Grammar Variational Autoencoder

Authors: Matt J. Kusner, Brooks Paige, José Miguel Hernández-Lobato

ICML 2017 | Conference PDF | Archive PDF | Plain Text | LLM Run Details

Reproducibility Variable Result LLM Response
Research Type Experimental We demonstrate the GVAE on two tasks for generating discrete data: 1) generating simple arithmetic expressions and 2) generating valid molecules.
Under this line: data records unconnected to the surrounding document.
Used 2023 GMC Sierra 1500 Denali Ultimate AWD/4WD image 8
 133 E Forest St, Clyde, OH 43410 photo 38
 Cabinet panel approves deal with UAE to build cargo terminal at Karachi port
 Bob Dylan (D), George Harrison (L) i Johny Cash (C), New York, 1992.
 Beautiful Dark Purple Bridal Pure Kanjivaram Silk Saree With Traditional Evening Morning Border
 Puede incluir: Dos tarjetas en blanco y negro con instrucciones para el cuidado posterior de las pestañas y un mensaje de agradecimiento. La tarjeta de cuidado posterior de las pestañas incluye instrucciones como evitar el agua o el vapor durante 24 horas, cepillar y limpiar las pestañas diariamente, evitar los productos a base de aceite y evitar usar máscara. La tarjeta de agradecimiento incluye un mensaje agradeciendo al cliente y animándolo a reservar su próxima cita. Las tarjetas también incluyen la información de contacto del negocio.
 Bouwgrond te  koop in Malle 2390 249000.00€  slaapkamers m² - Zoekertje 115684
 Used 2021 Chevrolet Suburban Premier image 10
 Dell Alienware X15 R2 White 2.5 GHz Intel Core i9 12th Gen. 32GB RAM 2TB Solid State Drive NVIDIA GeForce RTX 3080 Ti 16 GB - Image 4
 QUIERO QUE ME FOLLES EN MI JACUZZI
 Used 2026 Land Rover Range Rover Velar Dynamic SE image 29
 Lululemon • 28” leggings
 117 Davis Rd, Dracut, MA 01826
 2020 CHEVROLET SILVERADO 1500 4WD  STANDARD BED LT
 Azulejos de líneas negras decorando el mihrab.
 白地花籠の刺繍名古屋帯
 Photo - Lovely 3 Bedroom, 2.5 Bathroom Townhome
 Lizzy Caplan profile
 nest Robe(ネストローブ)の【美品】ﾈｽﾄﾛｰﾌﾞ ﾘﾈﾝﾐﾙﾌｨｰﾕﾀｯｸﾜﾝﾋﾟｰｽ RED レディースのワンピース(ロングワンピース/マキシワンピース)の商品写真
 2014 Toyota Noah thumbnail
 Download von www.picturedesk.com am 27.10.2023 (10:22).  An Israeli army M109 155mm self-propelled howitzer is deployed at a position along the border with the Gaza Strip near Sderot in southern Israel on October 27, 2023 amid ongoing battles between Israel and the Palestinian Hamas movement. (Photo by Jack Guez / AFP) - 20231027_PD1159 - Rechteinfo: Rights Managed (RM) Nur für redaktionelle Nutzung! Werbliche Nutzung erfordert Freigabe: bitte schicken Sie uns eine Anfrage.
We show not only does our model produce a higher proportion of valid outputs than a character based autoencoder, it also produces smoother latent representations. We also show that this learned latent space is effective for searching for arithmetic expressions that fit data, for finding better drug-like molecules, and for making accurate predictions about target properties.
Researcher Affiliation Academia 1Alan Turing Institute 2University of Warwick 3University of Cambridge.
Pseudocode Yes Algorithm 1 Sampling from the decoder
Open Source Code Yes Code available at: https://github.com/mkusner/grammarVAE
Open Datasets Yes The training data for the CVAE and GVAE models are 250,000 SMILES strings (Weininger, 1988) extracted at random from the ZINC database by Gómez-Bombarelli et al. (2016b).
Dataset Splits No The paper mentions a 'left-out test set with 10% of the data' for evaluating the GP model, but does not explicitly specify a validation set for training the VAE or for hyperparameter tuning.
Hardware Specification No The paper does not provide specific hardware details (e.g., GPU/CPU models, memory amounts) used for running the experiments.
Software Dependencies No The paper mentions types of neural networks (e.g., LSTMs, GRUs, DCNNs) and deep convolutional neural networks but does not provide specific software dependencies with version numbers (e.g., PyTorch 1.9, TensorFlow 2.x).
Experiment Setup No The paper describes the probabilistic setup for the VAE (e.g., 'q(z|X) is a Gaussian distribution whose mean and variance parameters are the output of the encoder network, with an isotropic Gaussian prior p(z) = N(0, I)') and optimization method ('gradient descent') but does not provide concrete hyperparameter values such as learning rate, batch size, or number of epochs for the VAE training. It also refers to supplementary material for network architecture details.